Search the lines of the records for the word "Protector", and copy every line that has it.

+++ DATA IN THIS EXERCISE

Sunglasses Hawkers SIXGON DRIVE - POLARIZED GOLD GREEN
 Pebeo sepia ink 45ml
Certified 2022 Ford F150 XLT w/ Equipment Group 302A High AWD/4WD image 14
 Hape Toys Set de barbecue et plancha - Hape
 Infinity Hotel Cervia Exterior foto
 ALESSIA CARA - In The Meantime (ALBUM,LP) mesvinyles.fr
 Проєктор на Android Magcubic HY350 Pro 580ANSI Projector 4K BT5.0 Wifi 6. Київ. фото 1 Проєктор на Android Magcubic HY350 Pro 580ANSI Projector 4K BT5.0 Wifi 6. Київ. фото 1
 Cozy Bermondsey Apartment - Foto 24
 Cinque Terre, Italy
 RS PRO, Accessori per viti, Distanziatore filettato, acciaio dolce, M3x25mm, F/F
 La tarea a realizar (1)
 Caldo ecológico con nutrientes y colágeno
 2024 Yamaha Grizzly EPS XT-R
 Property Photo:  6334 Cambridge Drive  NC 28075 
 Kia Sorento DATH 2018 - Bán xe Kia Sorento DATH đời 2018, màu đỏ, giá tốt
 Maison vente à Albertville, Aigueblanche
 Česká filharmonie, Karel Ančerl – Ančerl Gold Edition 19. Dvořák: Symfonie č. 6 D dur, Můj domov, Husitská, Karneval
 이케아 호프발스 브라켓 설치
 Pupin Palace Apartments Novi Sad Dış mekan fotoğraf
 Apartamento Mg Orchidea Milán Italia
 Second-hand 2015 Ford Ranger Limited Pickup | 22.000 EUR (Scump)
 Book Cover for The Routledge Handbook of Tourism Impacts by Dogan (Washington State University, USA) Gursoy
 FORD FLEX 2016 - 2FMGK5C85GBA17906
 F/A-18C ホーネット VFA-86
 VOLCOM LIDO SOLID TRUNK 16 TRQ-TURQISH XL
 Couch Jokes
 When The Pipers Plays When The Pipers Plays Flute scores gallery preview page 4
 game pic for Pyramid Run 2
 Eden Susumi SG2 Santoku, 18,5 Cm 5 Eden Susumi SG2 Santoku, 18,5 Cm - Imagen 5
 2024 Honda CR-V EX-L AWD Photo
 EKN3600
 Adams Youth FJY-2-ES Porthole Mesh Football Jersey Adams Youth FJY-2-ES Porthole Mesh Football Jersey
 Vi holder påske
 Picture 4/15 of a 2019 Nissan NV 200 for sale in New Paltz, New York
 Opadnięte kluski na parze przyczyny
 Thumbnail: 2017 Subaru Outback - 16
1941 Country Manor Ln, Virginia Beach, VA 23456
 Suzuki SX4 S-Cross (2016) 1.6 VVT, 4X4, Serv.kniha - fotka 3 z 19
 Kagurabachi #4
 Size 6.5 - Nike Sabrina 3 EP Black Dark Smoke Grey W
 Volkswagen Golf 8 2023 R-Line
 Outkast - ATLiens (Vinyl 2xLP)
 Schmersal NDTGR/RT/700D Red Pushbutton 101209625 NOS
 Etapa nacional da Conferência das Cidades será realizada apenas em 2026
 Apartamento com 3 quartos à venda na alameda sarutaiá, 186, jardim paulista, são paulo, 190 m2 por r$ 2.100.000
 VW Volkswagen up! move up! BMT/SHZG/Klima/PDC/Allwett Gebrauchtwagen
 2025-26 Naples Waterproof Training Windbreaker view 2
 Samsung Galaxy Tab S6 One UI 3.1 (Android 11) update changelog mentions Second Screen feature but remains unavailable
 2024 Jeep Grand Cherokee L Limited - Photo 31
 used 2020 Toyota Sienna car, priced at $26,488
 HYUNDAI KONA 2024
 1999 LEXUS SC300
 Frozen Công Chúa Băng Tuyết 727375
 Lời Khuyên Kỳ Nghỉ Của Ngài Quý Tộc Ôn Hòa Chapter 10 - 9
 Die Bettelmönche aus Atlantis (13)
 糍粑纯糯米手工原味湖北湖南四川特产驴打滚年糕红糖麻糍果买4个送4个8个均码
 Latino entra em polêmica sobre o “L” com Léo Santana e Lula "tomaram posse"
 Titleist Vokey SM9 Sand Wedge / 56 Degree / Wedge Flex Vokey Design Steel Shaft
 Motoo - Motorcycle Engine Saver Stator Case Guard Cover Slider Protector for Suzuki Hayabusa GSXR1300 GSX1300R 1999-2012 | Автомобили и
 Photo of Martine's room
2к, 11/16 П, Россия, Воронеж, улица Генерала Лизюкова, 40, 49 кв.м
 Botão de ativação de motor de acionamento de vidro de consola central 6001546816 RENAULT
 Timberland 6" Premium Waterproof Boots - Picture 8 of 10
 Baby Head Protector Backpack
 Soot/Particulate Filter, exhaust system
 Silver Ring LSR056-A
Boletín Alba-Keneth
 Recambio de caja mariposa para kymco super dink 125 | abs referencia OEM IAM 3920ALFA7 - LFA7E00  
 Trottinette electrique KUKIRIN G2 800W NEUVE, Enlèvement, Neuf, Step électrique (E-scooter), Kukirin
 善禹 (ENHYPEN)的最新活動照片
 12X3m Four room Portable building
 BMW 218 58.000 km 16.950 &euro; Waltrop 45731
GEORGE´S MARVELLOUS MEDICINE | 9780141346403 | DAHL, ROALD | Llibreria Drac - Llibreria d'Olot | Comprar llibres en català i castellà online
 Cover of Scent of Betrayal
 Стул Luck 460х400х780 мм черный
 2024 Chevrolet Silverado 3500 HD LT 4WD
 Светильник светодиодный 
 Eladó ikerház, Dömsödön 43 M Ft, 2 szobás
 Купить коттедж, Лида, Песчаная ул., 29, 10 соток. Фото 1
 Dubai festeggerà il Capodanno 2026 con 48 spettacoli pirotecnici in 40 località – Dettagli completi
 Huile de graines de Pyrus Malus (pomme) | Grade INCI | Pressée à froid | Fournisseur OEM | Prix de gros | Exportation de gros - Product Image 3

++++++

**WRITTEN RESPONSE:**
 Motoo - Motorcycle Engine Saver Stator Case Guard Cover Slider Protector for Suzuki Hayabusa GSXR1300 GSX1300R 1999-2012 | Автомобили и
 Baby Head Protector Backpack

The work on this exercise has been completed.